Authority demanded Obedience

In my first career—a short lived and ill advised foray into Christian ministry— “loving” meant pointing people toward the moral and ethical structures of Christianity as interpreted by current discourse among pastors and preachers. Those pastors would say their authority is “the Bible,” but I didn’t tell a single damn college student to marry pairs of sisters, pillage Jericho, or wear a head covering. The real authority was the discourse about the Bible, and it included a love that was often painful and even cold at times, in pursuit of “alignment with God’s purposes ” or, for short, “God’s will.” I owe about a million apologies for my participation in the discourse, but I was also being eaten alive by it.

I was bad for others, and I was bad for me. Those purposes of God (for women) as defined by the heavily capitalistic, patriarchal cabal of leadership were pretty simplistic: “Deny your desires for anything that feels good until what feels good is volunteering at church, pleasing your husband, and raising babies at home.” In that awkward time when I was not married, that meant no sex and using my free time to support women who were volunteering and having babies, or in some other way get more people to go to church. Any love, attachment, or desire that did not further these ends this was temptation.

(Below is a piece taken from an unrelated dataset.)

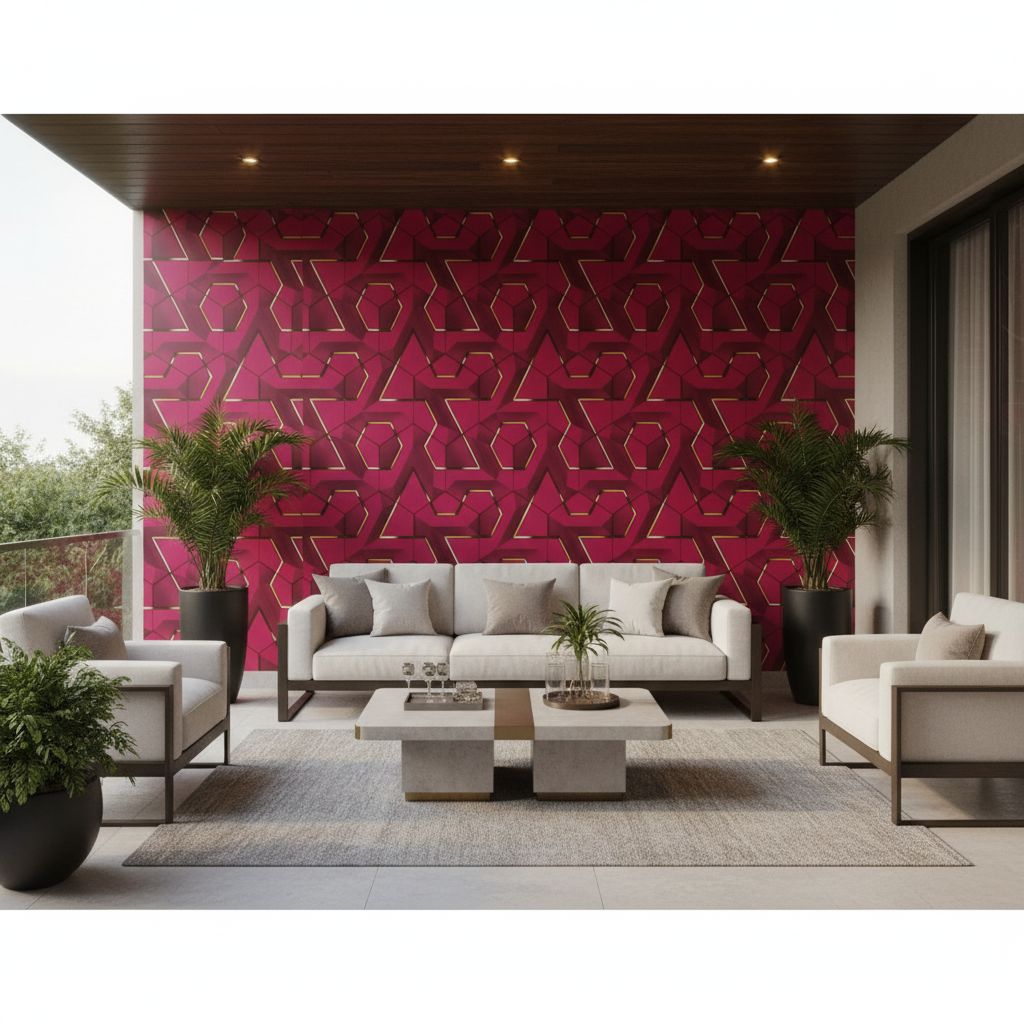 Wallpaper Dinding Geometric Merah / Wallpaper Terlaris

If was lust of the eye, lust of the flesh, or the pride of life: the temptations resisted by Jesus after his time in the wilderness.

In this season, I took my name-brand advanced degree and spent it raising my $16,000 per year salary, and regularly having my writing and work dismissed, diminished, and demeaned. I treasure the lives of the college kids I mentored, but professionally I was constantly, and egregiously disrespected. But, I told myself, this was what love required, that I starve out the idol of ambition. The idol of respect.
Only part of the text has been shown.